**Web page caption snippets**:
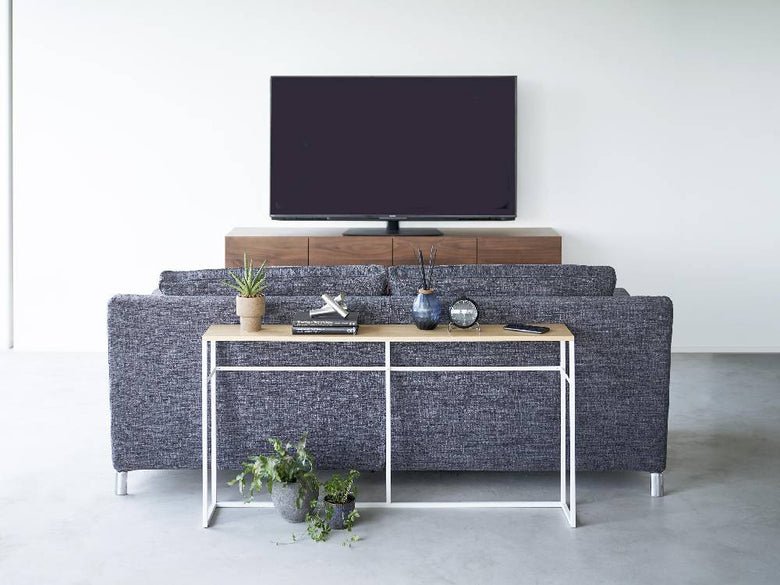 【tower/タワー】銀色スチール製フレームと天然木天板のソファー裏コンソールテーブル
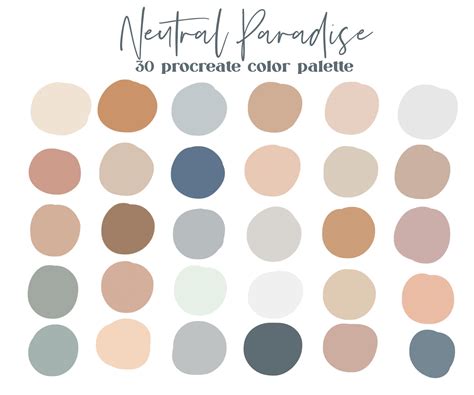 Neutral Paradise Procreate Color Palette / Ipad Procreate - Etsy Canada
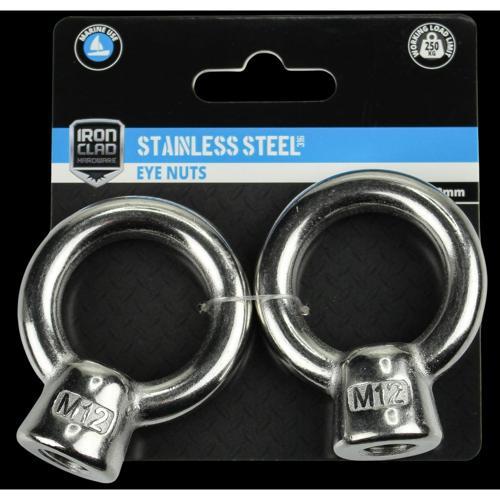 Iron Clad Eye Nut 12mm Stainless Steel 316 Pack of 2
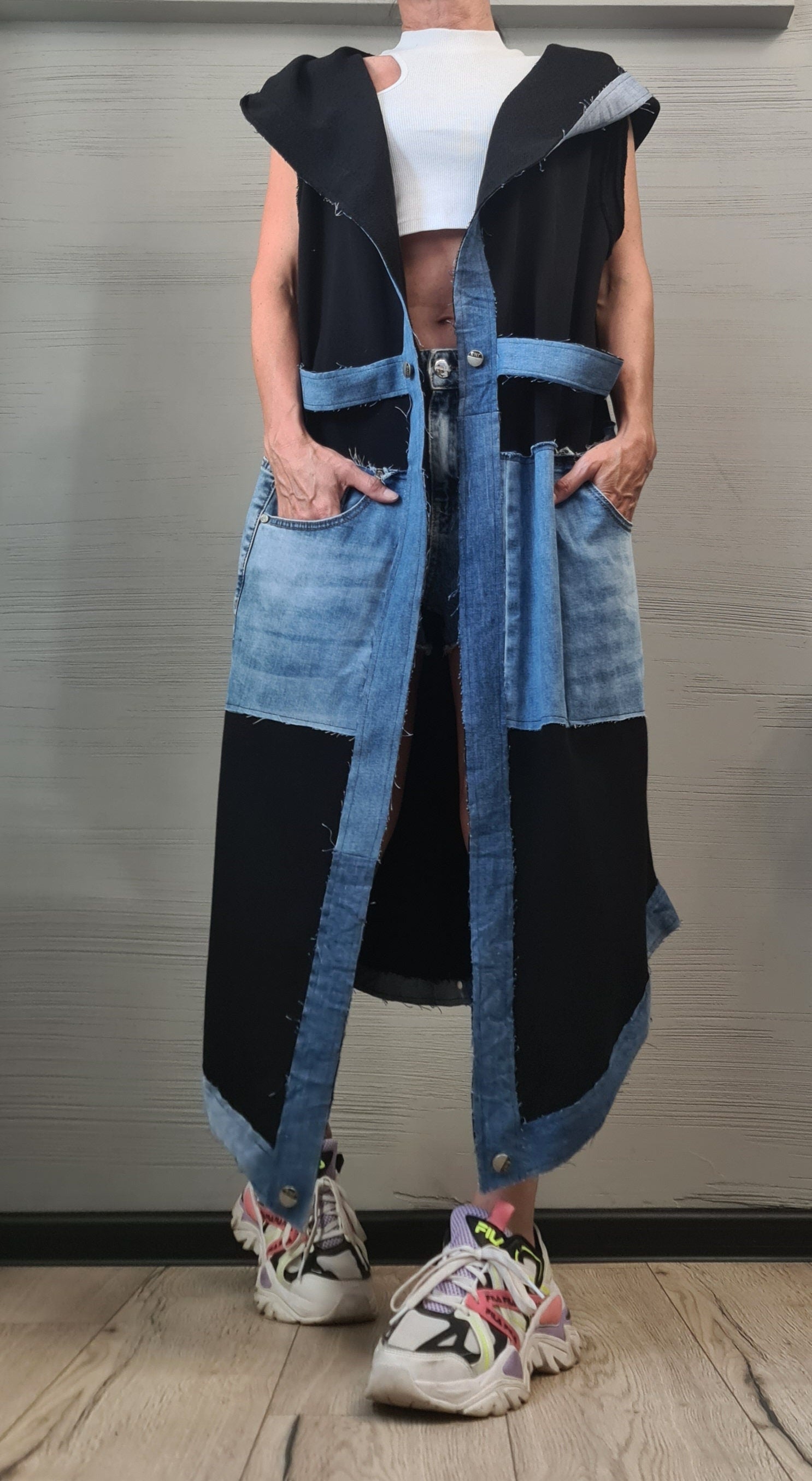 Gothic Vest, Denim & Cotton, Asymmetric Vest, Sleeveless Vest, Long Vest, Extravagant Vest, Maxi Vest, DRESSSHOESCODE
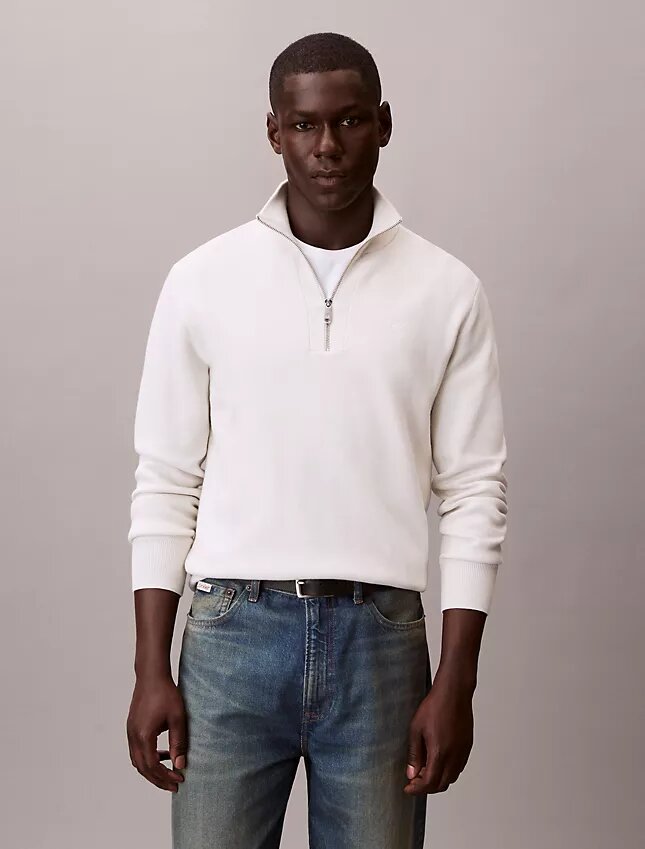 Camisola de algodão suave com fecho de correr Camisola de algodão suave com fecho de correr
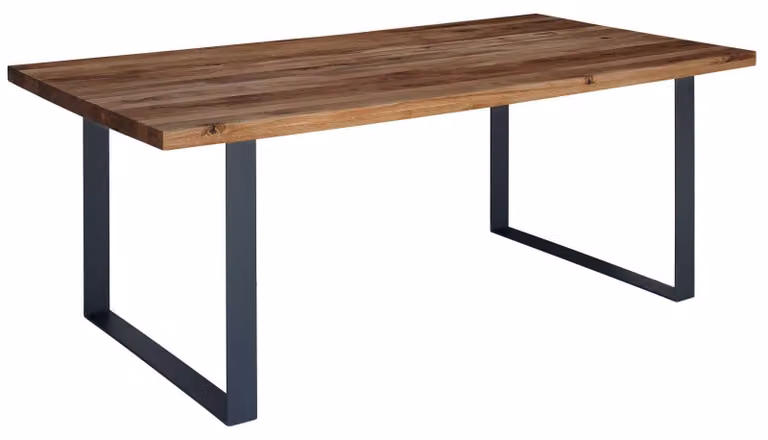 MASSIVMOEBEL24 | tavolo da pranzo in legno di Quercia Selvatica/ Cerro 200x100x76 tabacco marrone oliato MONTREUX #315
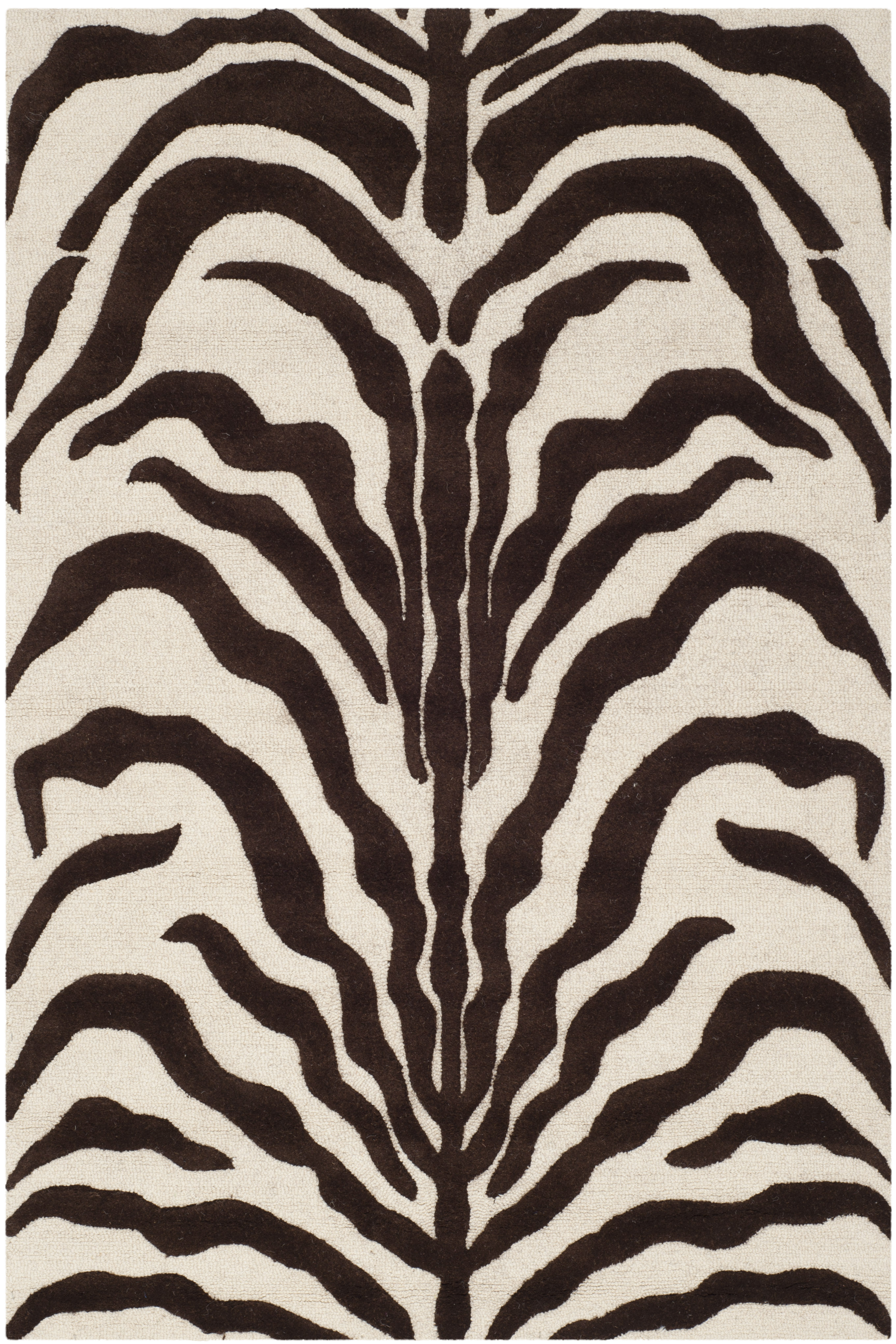 Tapis de salon interieur en  ivoire & marron, 122 x 183 cm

**Task prompt**:
Reproduce exactly, with every picture left out, the lines from the one that contains "Gothic Vest, Denim" to the final line of the records above.

**Solution for this task**:
 Gothic Vest, Denim & Cotton, Asymmetric Vest, Sleeveless Vest, Long Vest, Extravagant Vest, Maxi Vest, DRESSSHOESCODE
 Camisola de algodão suave com fecho de correr Camisola de algodão suave com fecho de correr
 MASSIVMOEBEL24 | tavolo da pranzo in legno di Quercia Selvatica/ Cerro 200x100x76 tabacco marrone oliato MONTREUX #315
 Tapis de salon interieur en  ivoire & marron, 122 x 183 cm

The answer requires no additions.